At that time 3,000 Jews attended holiday services there.
In 1948 repairs were completed on the synagogue, with funds
collected from Kiev Jews. Overall, between January 1946
and January 1948 the number of functioning synagogues in
the USSR increased from 75 to 181.
The
return of the synagogue signified not only the possibility
of worshipping freely. In the eyes of Soviet Jews this was
also a kind of compensation for Jewish blood shed and for
the innumerable sufferings which they had experienced during
the War. Thus, it is hardly surprising that often only slightly
religious and even totally non-religious Jews (including
government administrators, scientists, and military personnel)

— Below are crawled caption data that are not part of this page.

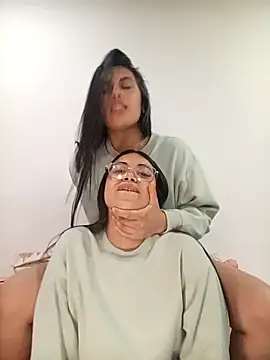 Violett  Rose online show from 12.03.25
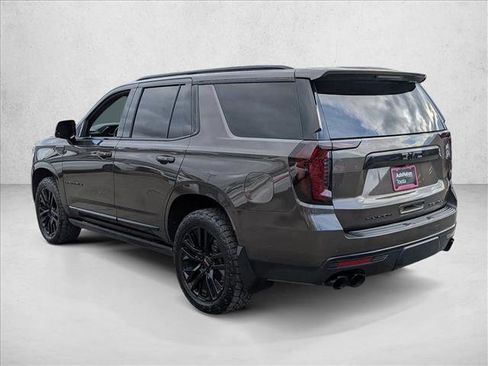 Used 2021 GMC Yukon Denali w/ Denali Premium Package image 7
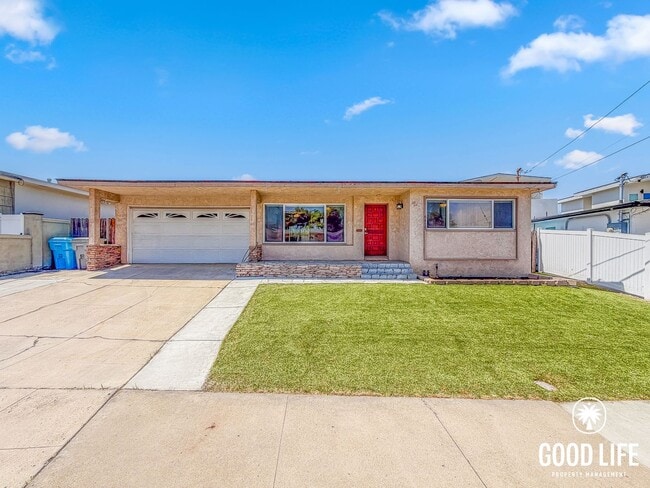 Building Photo - 2BD/1BA Home in La Mesa with Turf Yards, Large Backyard, W/D & 2-Car Garage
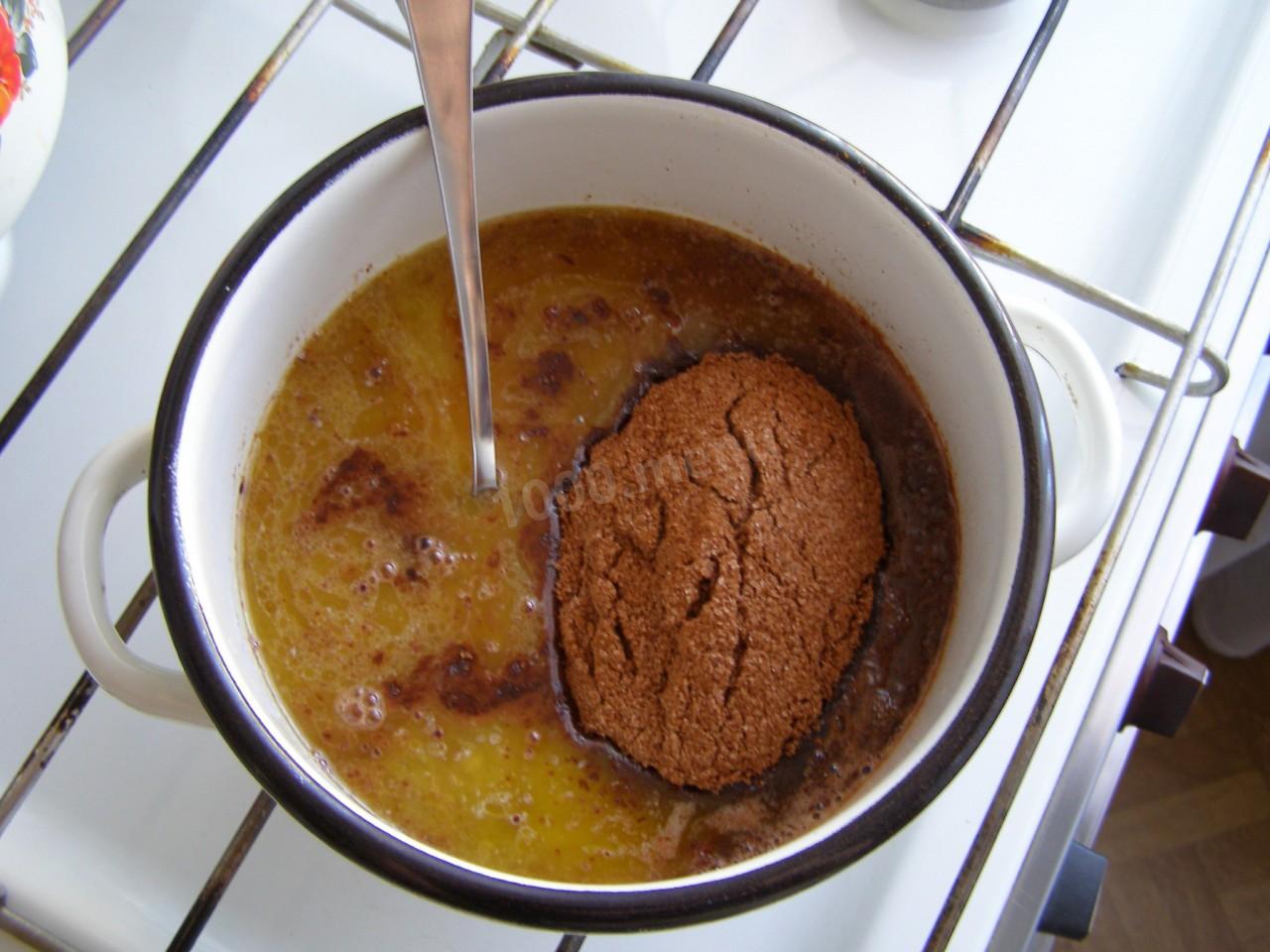 Шаг 5 приготовления Шоколадный кекс с изюмом и орехами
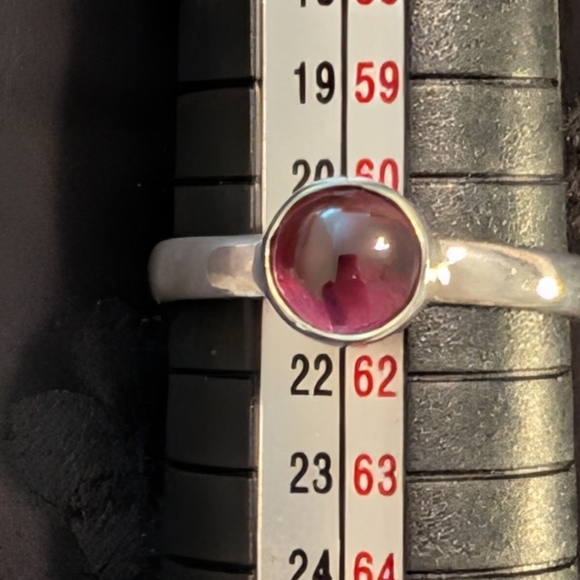 Genuine Garnet Solid Sterling Silver Ring Size 9.5 - Picture 7 of 7
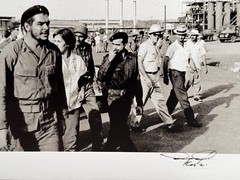 Lot of 3 Signed Prints by A. Korda of Che Guevara – Original Photographs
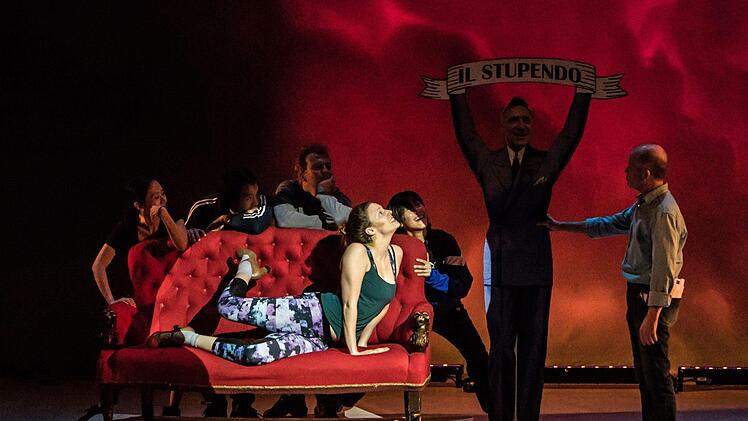 Proben-Impressionen aus dem Landestheater: Gast-Regisseur Felix Seiler inszeniert die Coburger Erstaufführung des Musicals "Otello darf nicht platzen".Foto: Jochen Berger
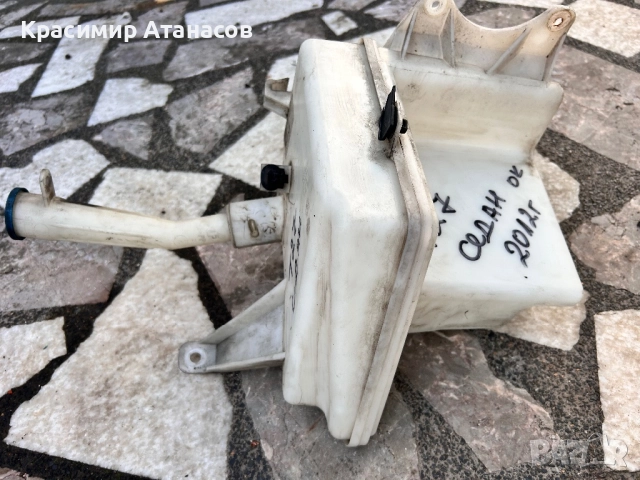 85310-05121. Казанче течност чистачки за Тойота Авенсис T27.седан . 2012-2015г, снимка 2 - Части - 52249652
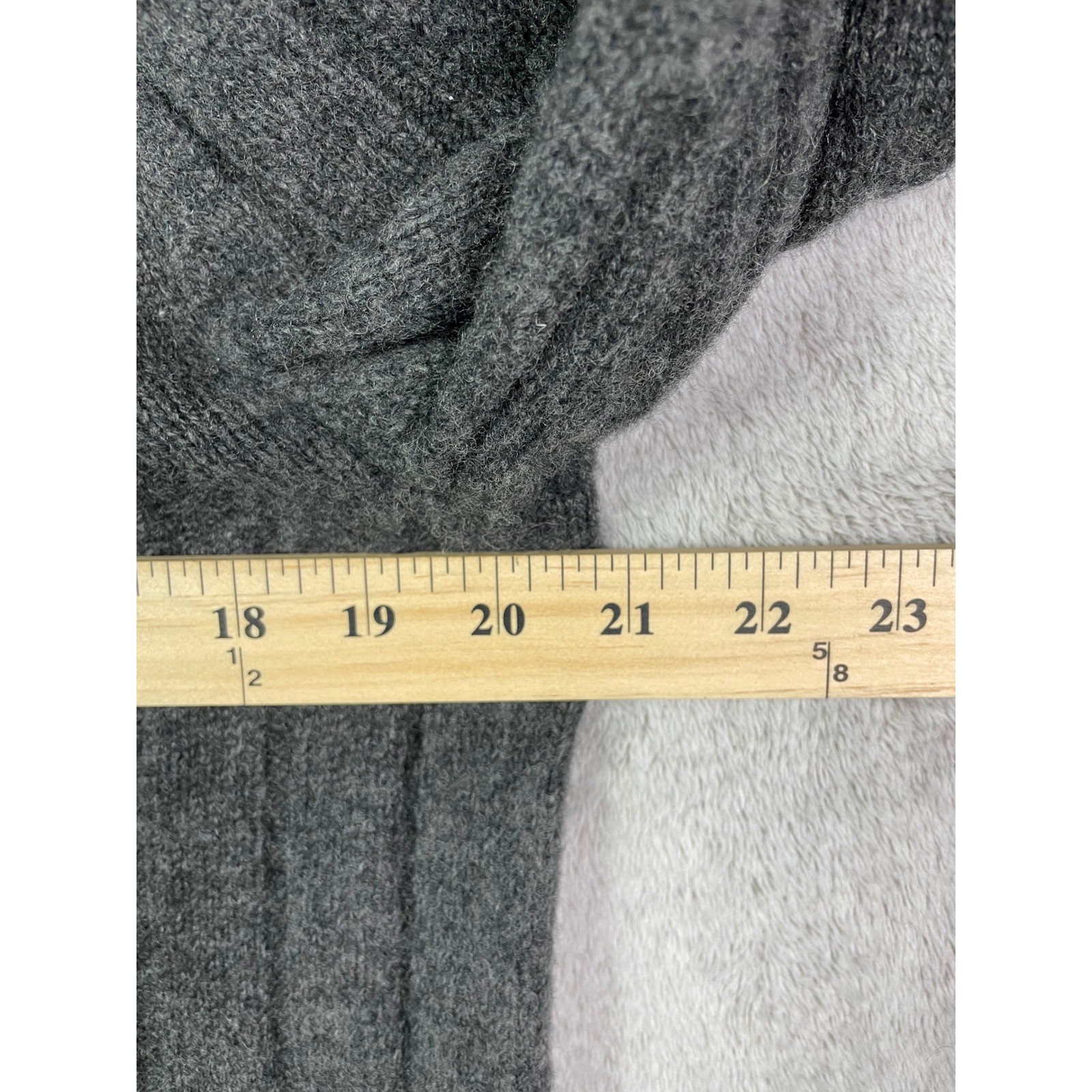 GAP Mens Sweater Large Gray 100% Lambswool Ribbed Knit Crewneck Pullover Vintage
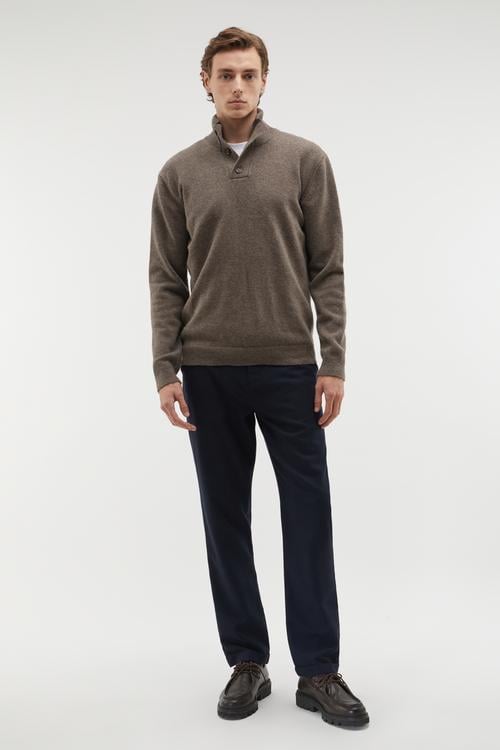  DÜĞMELİ DİK YAKA YÜN KAZAK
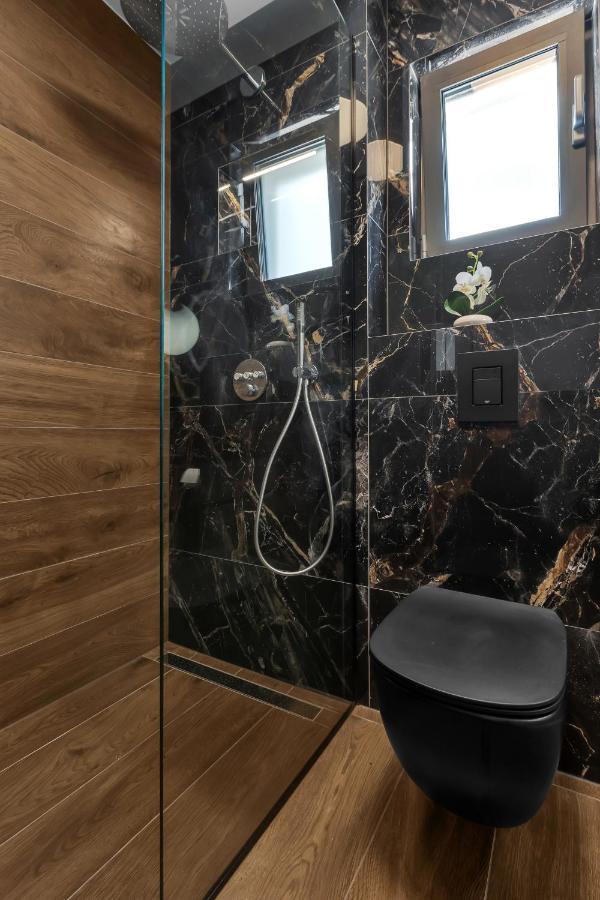 Lux Apartment Dolce Vita - Private Hottub Makarska Exterior photo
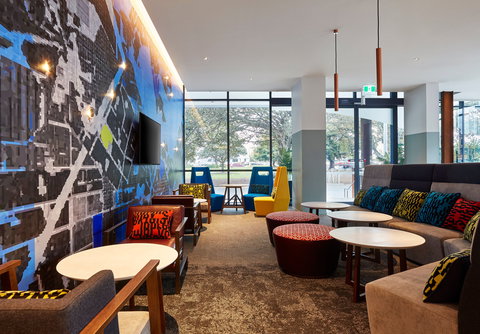 Holiday Inn Express Newcastle - Travel Search 5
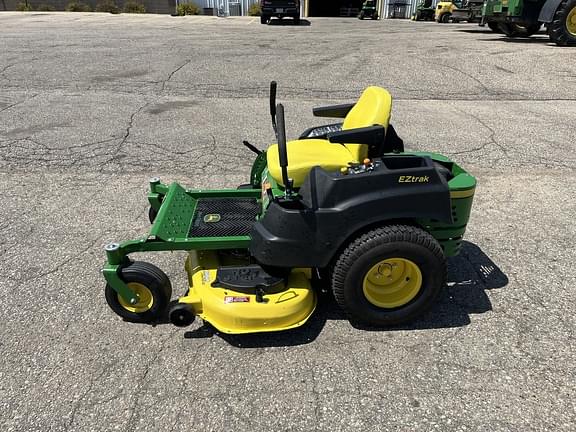 Image of John Deere Z445 equipment image 1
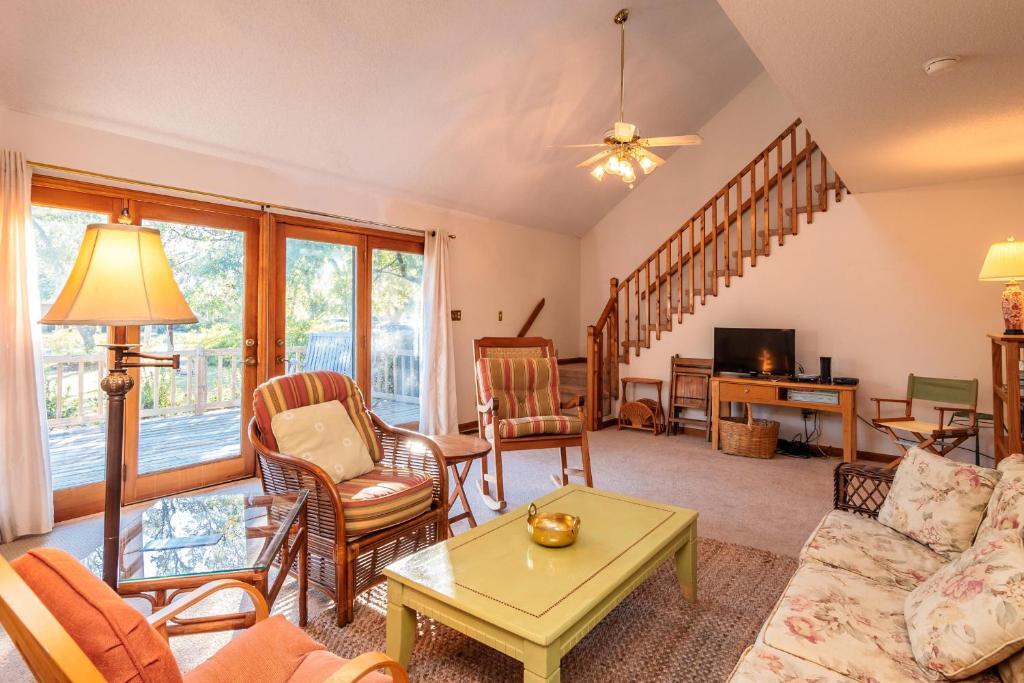 The Rectory by Oak Island Accommodations - photo 22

took part in the fight for the recovery of synagogues and,
when these had been recovered, contributed money for their
renovation and attempted to make them centers of Jewish
public life and mutual aid. This most often occurred on
the territories that had been annexed to the USSR on the
eve of the war.
In
September 1944, the Ugol’naya St. Synagogue was returned
to the Jews of Lvov. From that time, this synagogue was
a center for aid to Jews returning to the city, to veterans,
and to orphans, and also a shelter for Jews who were being
repatriated, either legally or illegally, via Lvov to Poland
and, from there, to Erets Yisrael. A large part of the aid
that was distributed reached the community in the form of
packages from the JDC. The revival of the Lvov Jewish religious
community took place in just liberated territory, where
Ukrainian partisans were still fighting Soviet rule. The
local population was extremely hostile to Jews. A document
of June 14, 1945 deals with an investigation by the security
service of the department of internal affairs of an anonymous
complaint: in the basement of the Lvov synagogue Jews were,
allegedly, hiding the corpses of Christian children who
had been murdered for ritual purposes. The document concluded:
After a careful search of the building no human corpses
were discovered, in the apartment, the hall of the synagogue,
or in the basement or the plumbing pipes. In a shed we discovered
a large quantity of chicken feathers and drops of blood
from slaughtered chickens. The present report determines
that no evidence was found in the synagogue indicating the
murder of children.
The
authorities were not willing to transform synagogues into
Jewish community centers and Lev Serebryannyi, the chairman
of the Lvov Jewish community, was arrested in March 1947
for attempting to achieve such a goal. The synagogue, however,
did continue to function until 1962.
In late 1948 the authorities again began to reduce the number
of synagogues. According to data from the CARC, as of August
1, 1949, in 11 provinces of Ukraine (out of 24) there were
33 synagogues and prayer houses, 9 of which were owned by
the community or individuals while the others were the property
either of the state (24) or of the municipality (3). Some
of these synagogues (e.g. in Vinnitsa and Kharkov) had already
begun to be closed by the authorities at this time.
Officially
registered synagogues in the USSR in 1952.
According
to a report prepared by representatives of the CARC, in
the USSR in 1952 there were a total of 133 synagogues and
prayers houses including: 40 in Ukraine, 29 – in the
Russian Federation (including the Crimea), 25 – in
Georgia, and 11 – in Moldavia. Ten population centers
had two or more synagogues: Riga, Baku, the city of Sachkheri
and the village of Bandza (both in Georgia ) had two, while
Tbilisi, Kutaisi, Moscow, Tashkent, and Chernovtsy had three,
and the Georgian village of Kulashi even had four. For the
most part, the synagogues and prayer houses were state or
municipal property. Individuals (or in one or two cases
- religious communities) usually owned small wooden or clay-covered
structures. Only half of all the synagogues were located
in brick (brick-covered or stone) buildings with at least
100 square meters usable space. The report noted that twenty
five synagogues had been recently established, the remaining
ones were described as having been functioning for years.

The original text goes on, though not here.